[Date Prev][Date Next][Thread Prev][Thread Next][Date Index][Thread Index]
Re: [Qemu-devel] [PATCH] rdma: Fix cleanup in error paths
From: |
Dr. David Alan Gilbert |
Subject: |
Re: [Qemu-devel] [PATCH] rdma: Fix cleanup in error paths |
Date: |
Wed, 25 Mar 2015 10:39:37 +0000 |
User-agent: |
Mutt/1.5.23 (2014-03-12) |
> As part of commit e325b49a320b493cc5d69e263751ff716dc458fe,
> order in which resources are destroyed was changed for fixing
> a seg fault. Due to this change, CQ will never get destroyed as
> CQ should be destroyed after QP destruction. Seg fault is caused
> improper cleanup when connection fails.
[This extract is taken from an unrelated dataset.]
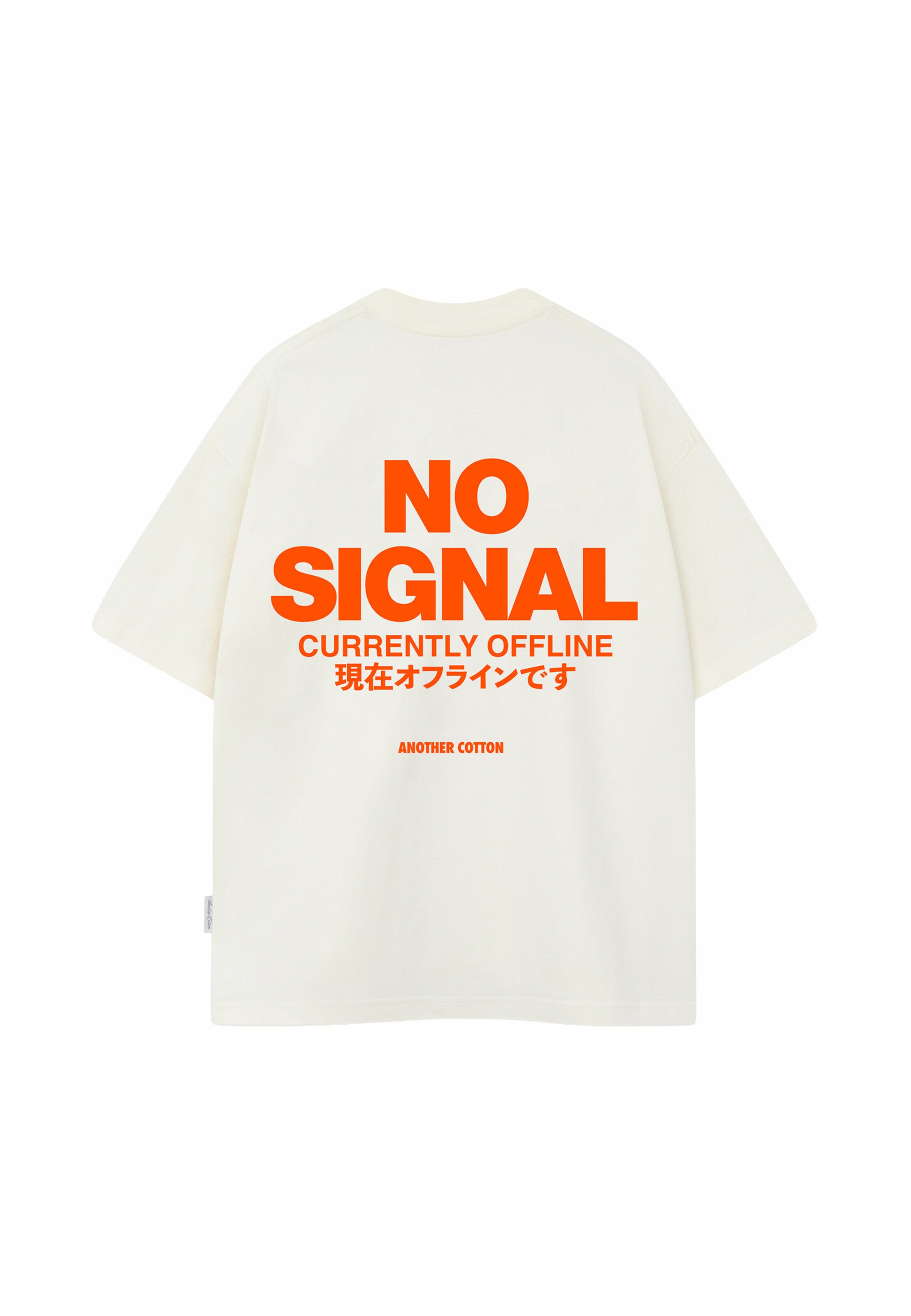 Another Cotton Lab - Camisa 'No Signal' em branco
Fixing cleanup after
> connection failure and order in which resources are destroyed
> in qemu_rdma_cleanup() routine.
Do you have a test case that triggers the seg fault?
> Signed-off-by: Meghana Cheripady <address@hidden>
> Signed-off-by: Padmanabh Ratnakar <address@hidden>
> ---
> migration/rdma.c | 22 ++++++++--------------
> 1 files changed, 8 insertions(+), 14 deletions(-)
>
> diff --git a/migration/rdma.c b/migration/rdma.c
> index e6c3a67..77e3444 100644
> --- a/migration/rdma.c
> +++ b/migration/rdma.c
> @@ -2194,6 +2194,10 @@ static void qemu_rdma_cleanup(RDMAContext *rdma)
> }
> }
>
> + if (rdma->qp) {
> + rdma_destroy_qp(rdma->cm_id);
> + rdma->qp = NULL;
> + }
OK, that makes sense, the manpage for rdma_destroy_qp says
'Users must destroy any QP associated with an rdma_cm_id before destroying the
ID.'
so it's probably good to have this early.
> if (rdma->cq) {
> ibv_destroy_cq(rdma->cq);
> rdma->cq = NULL;
> @@ -2206,18 +2210,14 @@ static void qemu_rdma_cleanup(RDMAContext *rdma)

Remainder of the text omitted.